- **Problem requirements**: Would you output the lines from the one with "mediterranean / spanish-style" through the last line of the material below, exactly, but without pictures?

□ □ □ □ □

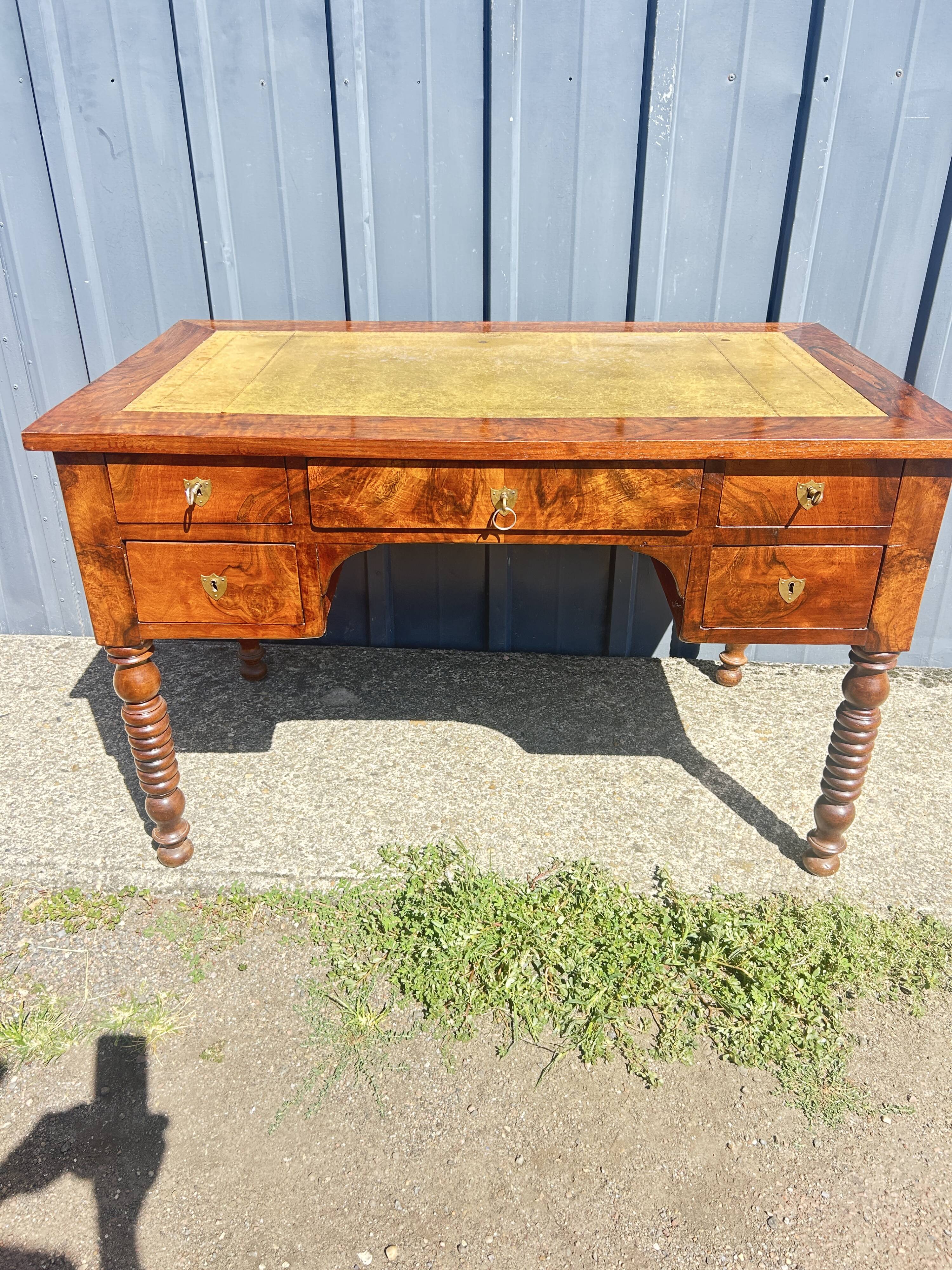 Louis Philippe desk in walnut, with a leather top.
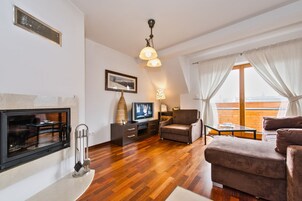 Una sala de estar moderna con chimenea, televisor y asientos cómodos.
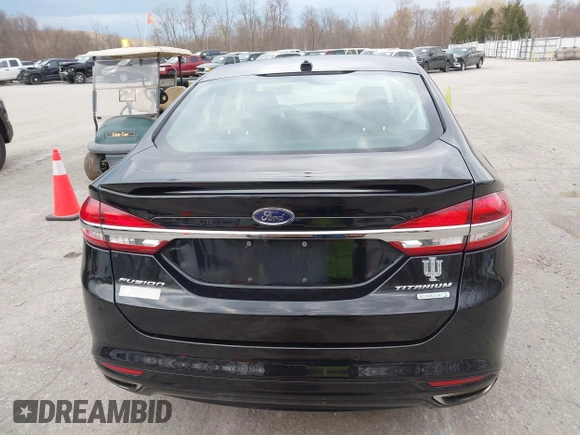 2017 Ford Fusion Titanium z VIN 3FA6P0K98HR200272, wystawiony jako IAAI lot #41905017 z przebiegiem 104 132 mil mil oraz . Historia ofert i sprzedaży dostępna na DreamBid. Obrazek 16.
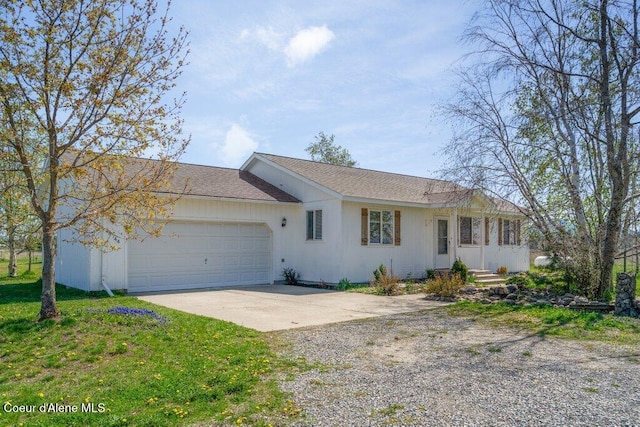 single story home featuring an attached garage, driveway, and a front yard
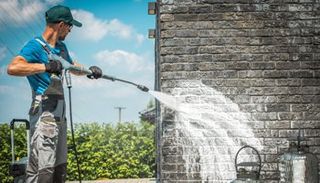 Power Washing the Wall — Kansas City, KS — The Kansas Paint Company Power Washing the Wall — Kansas City, KS — The Kansas Paint Company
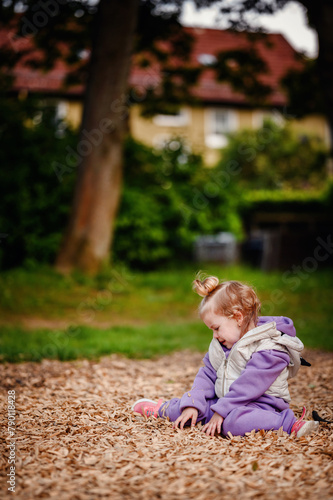 A curious toddler in a purple outfit sits among wood chips  fascinated by the textures  illustrating the simple joys and tactile experiences of outdoor play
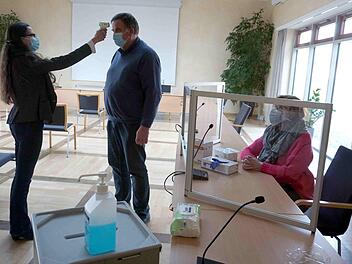 Wahlleiterin Eva Fröhlich demonstriert beim Zweiten Bürgermeister Karl-Heinz Hertlein die Temperaturmessung, Karin Süß sitzt am Platz eines Wahlhelfers.     Foto: Richard Sänger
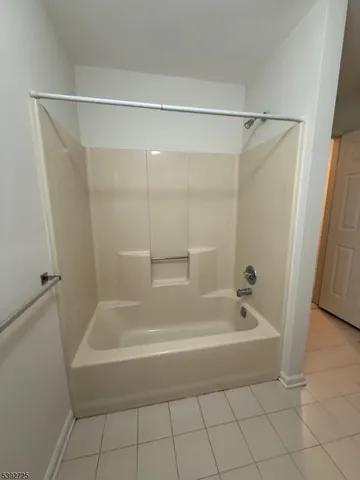 a white bath tub sitting next to a shower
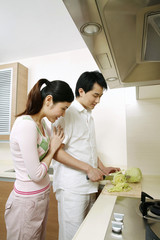 Man cutting vegetables in the kitchen, woman standing by the side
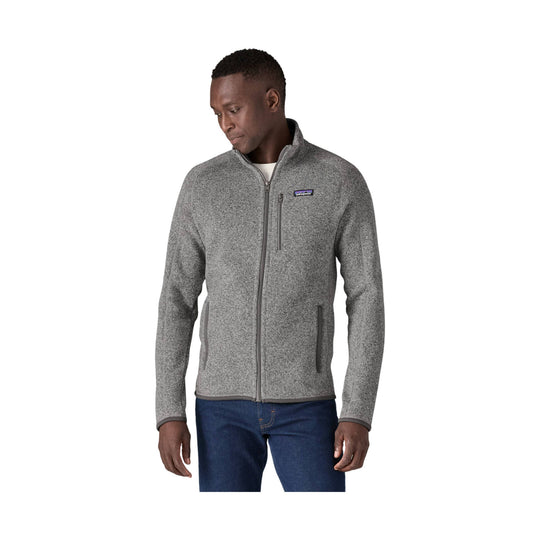 Gray full-zip fleece jacket with chest pocket and two hand pockets, worn over jeans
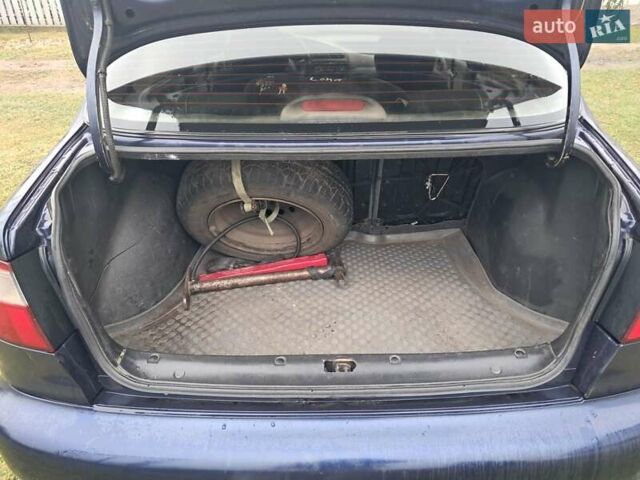 Синій Деу Ланос, об'ємом двигуна 1.5 л та пробігом 240 тис. км за 2099 $, фото 6 на Automoto.ua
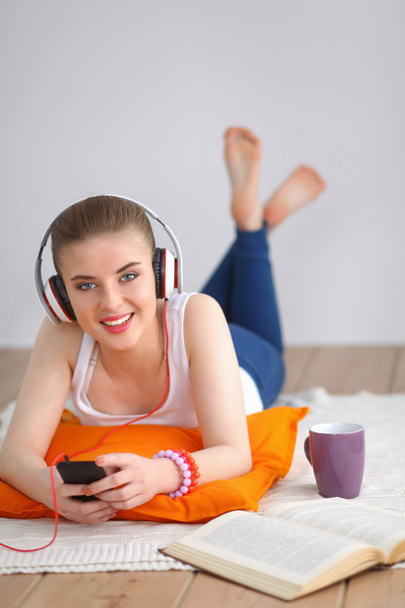 Young woman lying on floor and listen to music - Foto, Bild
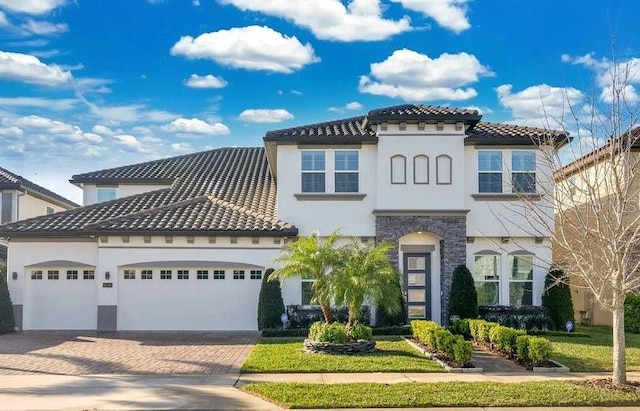 mediterranean / spanish-style house with a garage, decorative driveway, a tile roof, and stucco siding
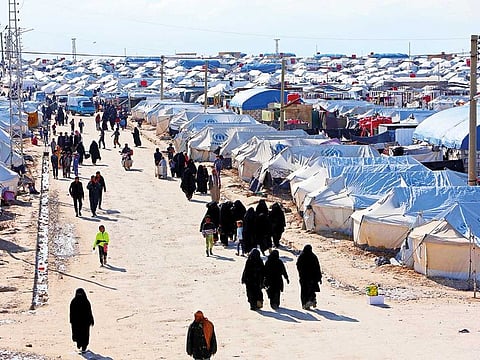 Women walk through Al Hol displacement camp in Hasaka governorate, Syria.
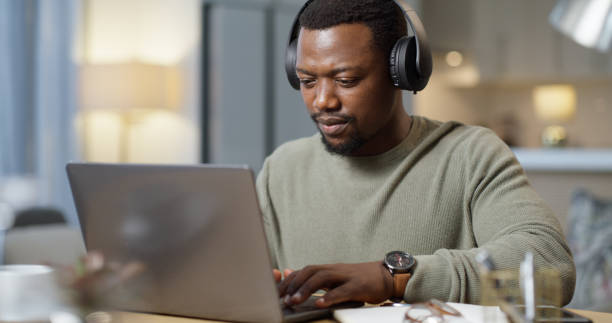 uomo nero, cuffie musicali o laptop nell'ufficio di casa o nel salotto di casa per startup creativa, webinar educativo o corso di e-learning. imprenditore con tecnologia che ascolta podcast o audio radiofonico - domestic staff audio foto e immagini stock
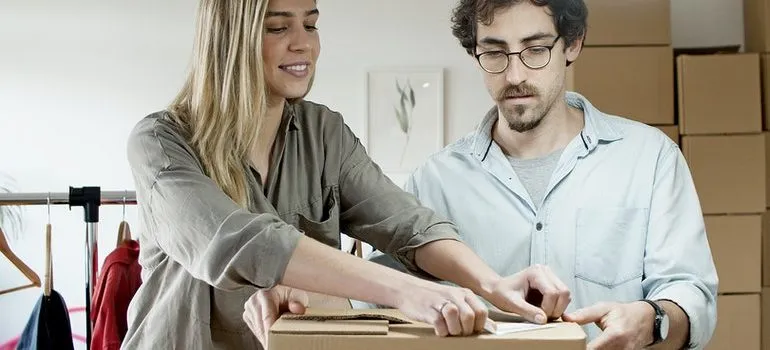 A man and a woman packing a box for their office move.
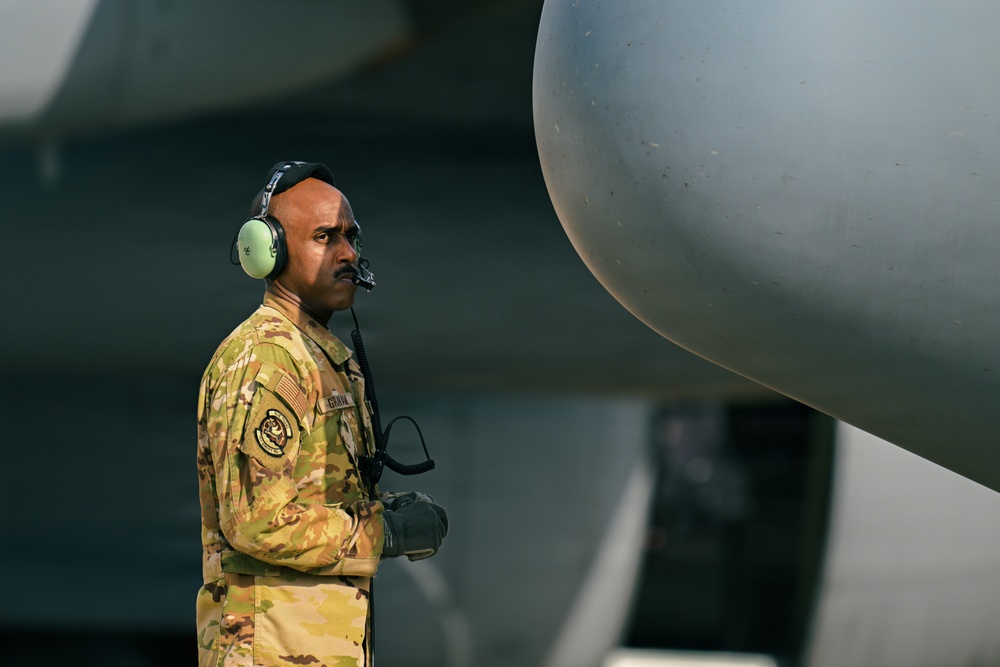 A military service member in OCP (Operational Camouflage Pattern) uniform stands on an aircraft flight line wearing a green aviation headset with boom microphone. The individual appears to be a ground crew member monitoring aircraft operations, positioned near what appears to be a large military aircraft engine nacelle or fuselage. The image is professionally composed with sharp focus on the subject against a blurred aircraft background.
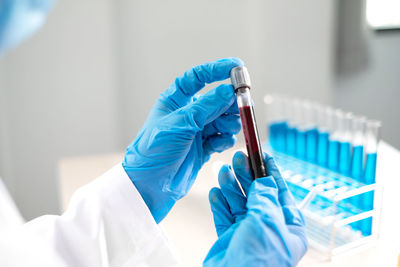 Cropped hand of scientist holding test tube at laboratory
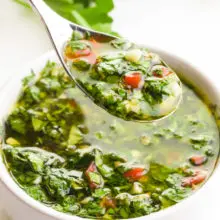 A hand holds a spoonful of chimichurri sauce, hovering over a bowl full of it. There are fresh green herbs in the background.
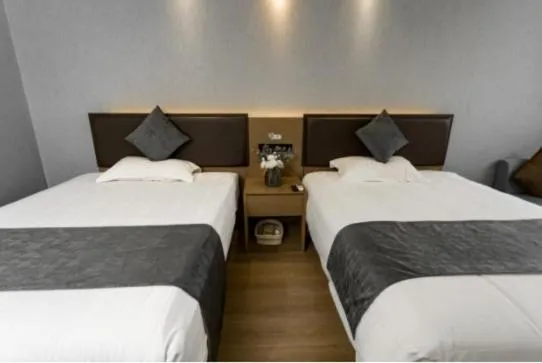 Bed in GreenTree Inn Jiangsu Suzhou Changshu Fuchunjiang International Qipeicheng Road Express Hotel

□ □ □ □ □

- **Finished task**:
 mediterranean / spanish-style house with a garage, decorative driveway, a tile roof, and stucco siding
 Women walk through Al Hol displacement camp in Hasaka governorate, Syria.
 uomo nero, cuffie musicali o laptop nell'ufficio di casa o nel salotto di casa per startup creativa, webinar educativo o corso di e-learning. imprenditore con tecnologia che ascolta podcast o audio radiofonico - domestic staff audio foto e immagini stock
 A man and a woman packing a box for their office move.
 A military service member in OCP (Operational Camouflage Pattern) uniform stands on an aircraft flight line wearing a green aviation headset with boom microphone. The individual appears to be a ground crew member monitoring aircraft operations, positioned near what appears to be a large military aircraft engine nacelle or fuselage. The image is professionally composed with sharp focus on the subject against a blurred aircraft background.
 Cropped hand of scientist holding test tube at laboratory
 A hand holds a spoonful of chimichurri sauce, hovering over a bowl full of it. There are fresh green herbs in the background.
 Bed in GreenTree Inn Jiangsu Suzhou Changshu Fuchunjiang International Qipeicheng Road Express Hotel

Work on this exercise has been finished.